What to produce: Would you please reproduce all the entries word for word, minus the pictures?
══ Raw data
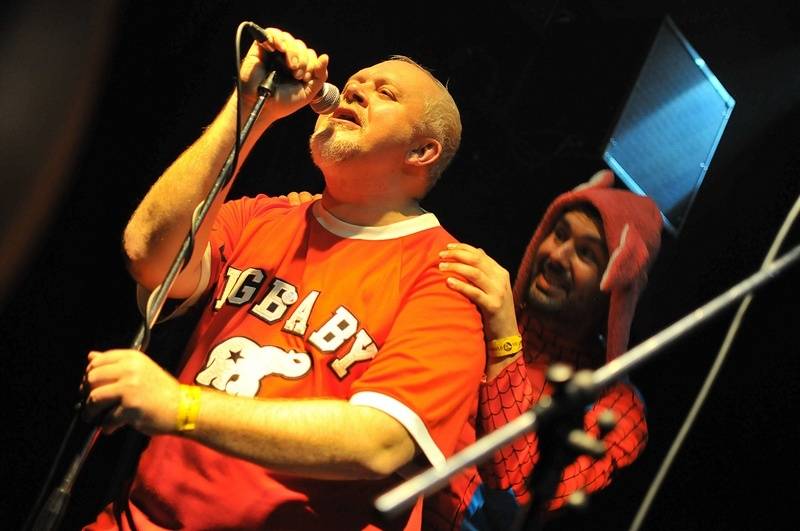 Odešel další z punkových srdcařů. Emil Hrubý hrál v kapelách Požár mlýna nebo Chronická nevinnost
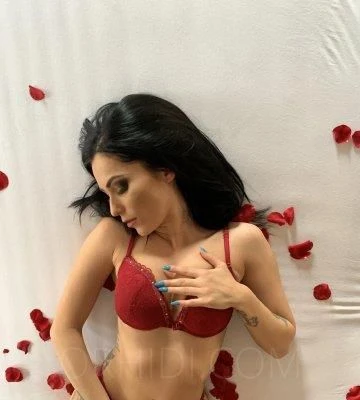 Nathalia — 2 / 4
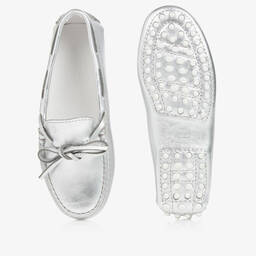 Tod's-حذاء موكاسين جلد لون فضّي متاليك للبنات | Childrensalon Outlet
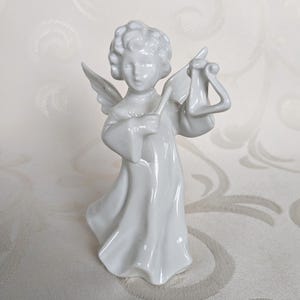 Anioł z trójkątem porcelanowy anioł koncertowy figurka anioła porcelanowy anioł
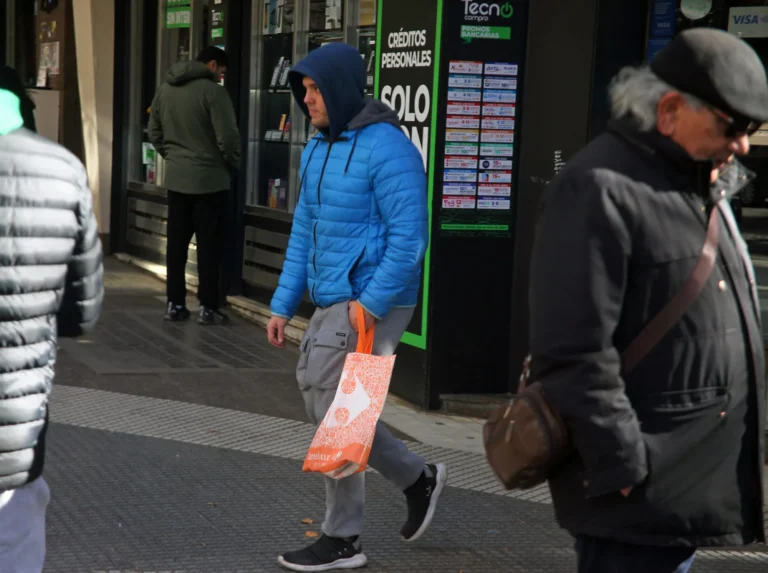 El tiempo en Mendoza para este miércoles: frío, con neblinas y nevadas en cordillera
════
Final answer:
 Odešel další z punkových srdcařů. Emil Hrubý hrál v kapelách Požár mlýna nebo Chronická nevinnost
 Nathalia — 2 / 4
 Tod's-حذاء موكاسين جلد لون فضّي متاليك للبنات | Childrensalon Outlet
 Anioł z trójkątem porcelanowy anioł koncertowy figurka anioła porcelanowy anioł
 El tiempo en Mendoza para este miércoles: frío, con neblinas y nevadas en cordillera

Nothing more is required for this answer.